Beifang vom 13.01.2017

Nachdem es im Beifang gestern gleich mehrmals um Kaffee ging – und was ist mit Tee? Wir geben dafür ab nach Schottland. Wo ich schon viel zu lange nicht mehr war, auch schlimm.

Das hier gekocht, ich fand es gut. Zander allerdings gegen Bio-Lachs getauscht.

Ein Superstar tritt in Weißenburg auf. Ein zweifellos kurzgeschichtentaugliches Arrangement.

Bevor es in den Kommentaren zum gestrigen Text untergeht, dafür ist es nicht nämlich viel zu schön: Auf den Seiten des Orgelbauers Klais gibt es einen Artikel zur Orgel in Hamburgs neuem Konzertdings, der steht hier. Der Text ist interessant, aber noch viel interessanter ist dort die zweite Seite mit den eingebettete Filmen. Der Herr Klais macht vor der Kamera eine gute Figur. Ich finde Orgelbau großartig (das Thema kommt in Crawfords “Wiedergewinnung der Wirklichkeit” prominent vor, ich schrieb hier über das Buch), und bei diesen Filmen bekommt man doch glatt Lust auf eine Führung. Oder auf ein Orgelkonzert. Oder auf beides.

Und bei Orgel erinnere ich immer gerne an The Peddlers, auch wenn das gedanklich etwas weit gesprungen ist. Das ist ziemlich abgefahrenes Zeug, es wird immer besser, je lauter man es dreht.

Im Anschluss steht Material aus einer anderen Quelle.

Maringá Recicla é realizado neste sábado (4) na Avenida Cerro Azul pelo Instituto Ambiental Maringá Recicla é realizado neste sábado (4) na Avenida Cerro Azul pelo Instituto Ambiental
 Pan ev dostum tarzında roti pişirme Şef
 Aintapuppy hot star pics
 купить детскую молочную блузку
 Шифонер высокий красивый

Kleine Anmerkung zur Elphie

Wobei der Name Elphie übrigens schon nicht mehr lustig ist, weil es jetzt wirklich alle sagen, das treibt in Hamburg niemanden mehr zur Ver  zweiflung, da ist der Spaß etwas raus. Will man fortgeschrittene Bildungsbürger deutlicher ärgern, sagt man jetzt besser “das neue Opernhaus am Hafen”, das löst viel verlässlicher gewisse Reflexe aus. Manche schreiben auch Elphi mit ohne e am Ende, das läuft gerade etwas uneinheitlich, auch in den Medien. Sprache in Bewegung!

Ich war da jedenfalls noch nicht drin, in der Elphie. Ich habe auch noch keine Karte, ich habe noch nicht einmal nach Karten gesehen. Und so wie mir geht es vielen. Der Eindruck, der in den Medien gerade erweckt wird, dass ganz Hamburg da in den nächsten Wochen und Monaten einmal probesitzen wird, der stimmt nicht ganz. Kommt Zeit, kommt Gelegenheit, auch für die Elphie. Man muss nichts überstürzen, womöglich riecht es dort noch nach Farbe oder so. Die Herzdame sagte, als ich sie fragte, wann wir das denn mal abhaken wollen, einigermaßen empört: “Ich wohne seit 20 Jahren in Hamburg und habe hier noch nicht einmal eine Stadtrundfahrt gemacht. Da werde ich jetzt doch nicht sofort in so ein neues Ding rennen!”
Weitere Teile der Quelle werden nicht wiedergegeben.